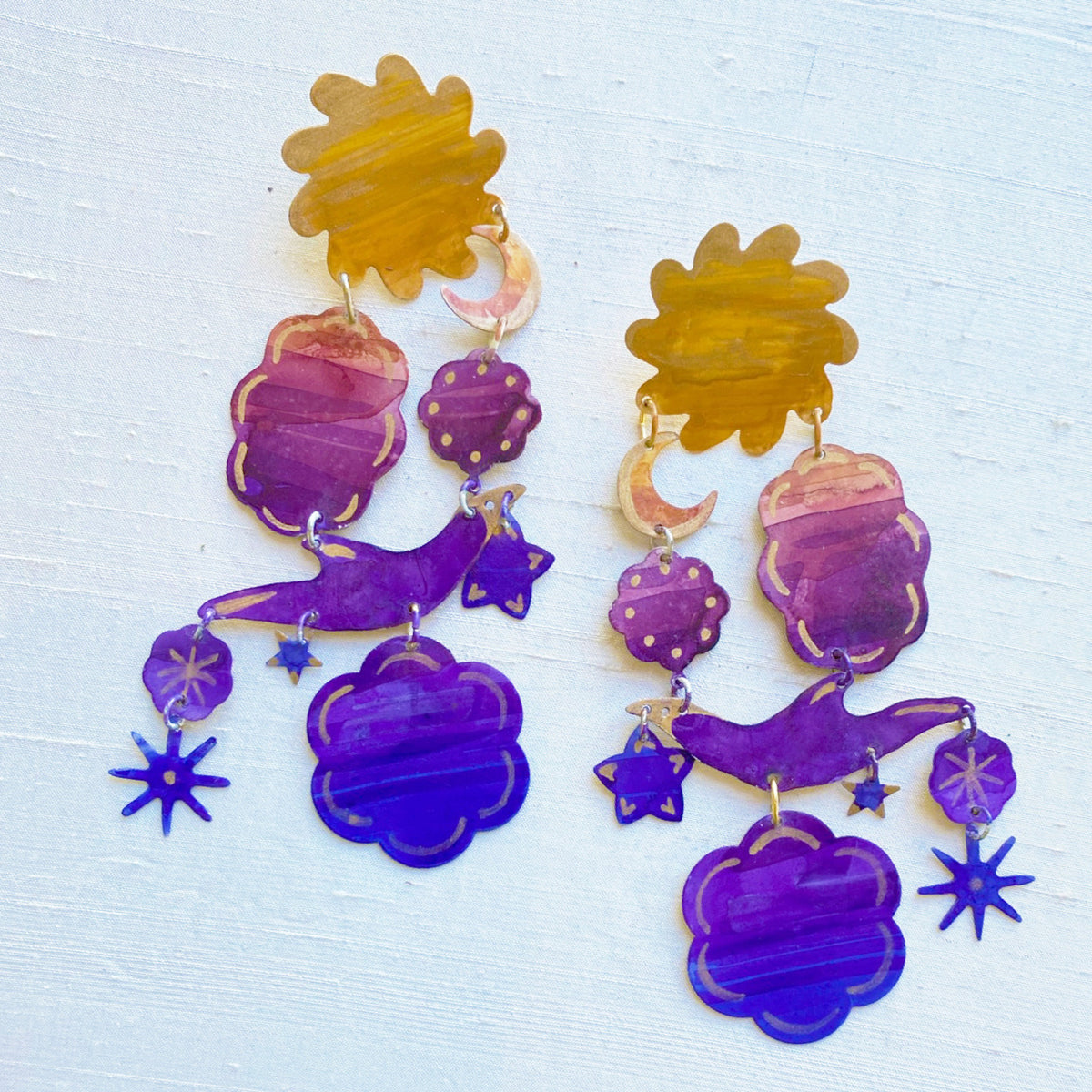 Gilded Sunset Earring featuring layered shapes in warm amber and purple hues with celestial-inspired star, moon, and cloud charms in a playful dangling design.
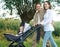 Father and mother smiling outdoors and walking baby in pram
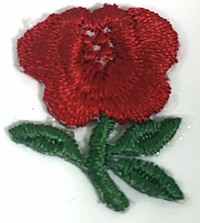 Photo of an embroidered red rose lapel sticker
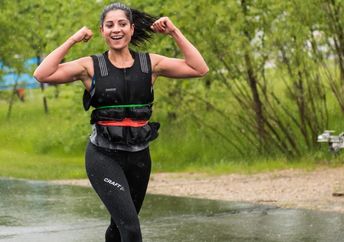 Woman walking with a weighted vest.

┄┄┄┄┄┄┄┄┄┄

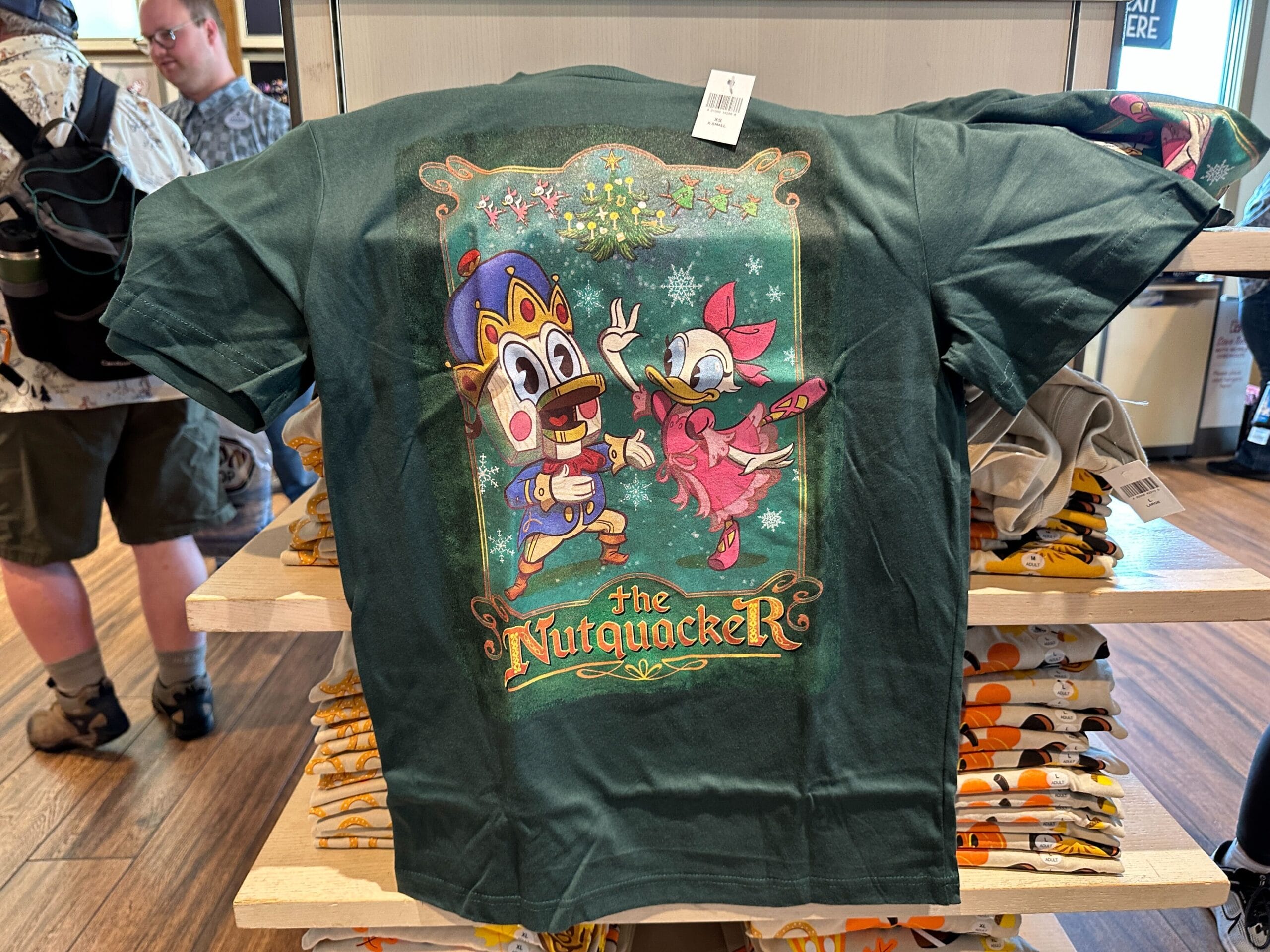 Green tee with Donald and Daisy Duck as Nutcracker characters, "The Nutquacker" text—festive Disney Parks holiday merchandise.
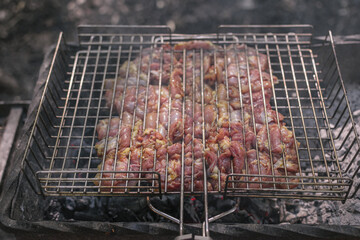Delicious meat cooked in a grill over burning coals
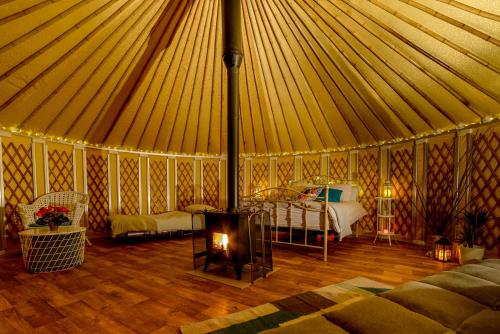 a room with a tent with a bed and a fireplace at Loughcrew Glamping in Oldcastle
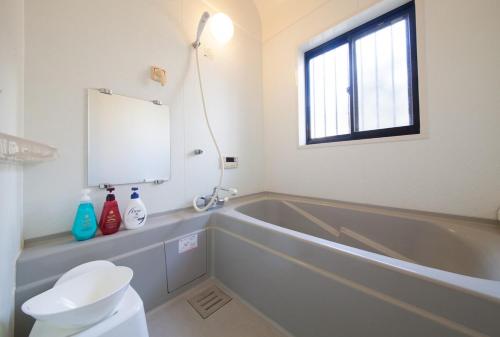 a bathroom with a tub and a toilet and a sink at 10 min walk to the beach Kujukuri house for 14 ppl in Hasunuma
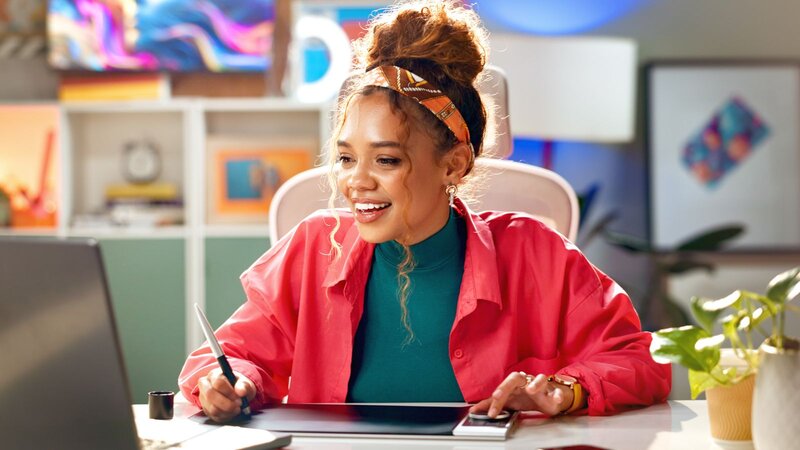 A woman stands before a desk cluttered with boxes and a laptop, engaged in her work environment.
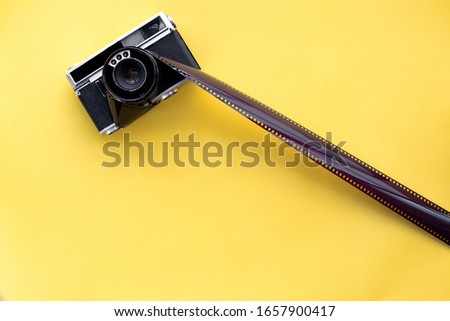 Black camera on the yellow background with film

┄┄┄┄┄┄┄┄┄┄

§ PROMPT: Please repeat, exactly as written, the lines in the records above, starting with the one that has "Photo of an" and going on through the one that has "Woman walking with a weighted vest.". Pictures are to be left out.

§ ANSWER SECTION:
 Photo of an embroidered red rose lapel sticker
 Woman walking with a weighted vest.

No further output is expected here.